Even in your general cover letter, you should skip the impersonal “To Whom It May Concern.”

Instead, give your cover letter a more personalized greeting. If possible, address the hiring manager by name.

You might need to do some research for that. Check the job ad, company website, or LinkedIn page to find out who’s hiring for the role you want. Then, just swap out your placeholder for their full name.

However, you might not have the time to do that. If you’re at a job fair or you just can’t find the name of the hiring manager, you don’t have to worry.

It’s perfectly acceptable to address your cover letter as “Dear Hiring Manager” or even address the company as a whole, like “Dear Company X.”

Take your cover letter to the next level by using these 21+ cover letter tips!

#3. Start with a Strong Opening

Hiring managers tend to skim through cover letters before deciding if they’re worth reading, so your general cover letter should always have an eye-catching opening paragraph.

You should start your cover letter by introducing who you are and why you’re interested in the specific position. Then, mention an impressive achievement or crucial skill that shows you would be an ideal candidate for the role.

We recommend shortlisting several of your most impressive skills and achievements and swapping them out for each other depending on what best matches the specific job you’re tailoring your cover letter for.

Just remember to keep your opening paragraph short and sweet. You’ll have the opportunity to give the hiring manager more details later.

#4. Use the Body for Details

When writing a general cover letter, you might have a hard time figuring out how to craft the body.

This is where all the details about you as a candidate and what you know about the company should go.

But don’t worry! All you need to do is follow these tips:

  1. Explain what you can do for the employer. Talk about your most impressive skills and how you can use them to contribute to the company’s work.
  2. Mention what you like about the job or industry.

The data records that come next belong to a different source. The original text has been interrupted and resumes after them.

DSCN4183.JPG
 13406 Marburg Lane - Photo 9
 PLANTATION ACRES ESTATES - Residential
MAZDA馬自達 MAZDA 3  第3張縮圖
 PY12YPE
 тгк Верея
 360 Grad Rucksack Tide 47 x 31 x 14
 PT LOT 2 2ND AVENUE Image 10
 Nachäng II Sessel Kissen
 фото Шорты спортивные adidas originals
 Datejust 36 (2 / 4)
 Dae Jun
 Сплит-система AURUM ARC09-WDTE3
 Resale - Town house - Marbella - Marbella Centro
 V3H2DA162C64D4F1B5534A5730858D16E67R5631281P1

Focus on what you enjoy about the specific job or industry you’re aiming for.
  3. Be enthusiastic about joining their team. Express genuine enthusiasm about joining their team, as well as confidence that you can make a meaningful contribution.
  4. Use proactive language. Swap out cliche phrases for eye-catching action verbs and power words to make your cover letter pop.

Depending on how much time you have, you can research each employer in-depth and provide more details that show why you’re the best candidate according to each of these points.

Need more inspiration? Check out dozens of cover letter examples for different professions!

#5. Conclude It Professionally

Once you write the main body of your general cover letter, all you have to do is prepare a conclusion.

The end of your cover letter should leave the hiring manager confident that you’re the right person for the job.

You can do that by either summarizing your main selling points, like your top skills and most impressive achievements or by reminding them how you believe you can contribute to the company.

We recommend leaving a portion of your conclusion blank so you can tailor it for the specific job you’re applying for and leave the best impression possible on the hiring manager.

Next, include a call to action. This can be a polite prompt for the hiring manager to reach out to you and discuss your application or arrange an interview.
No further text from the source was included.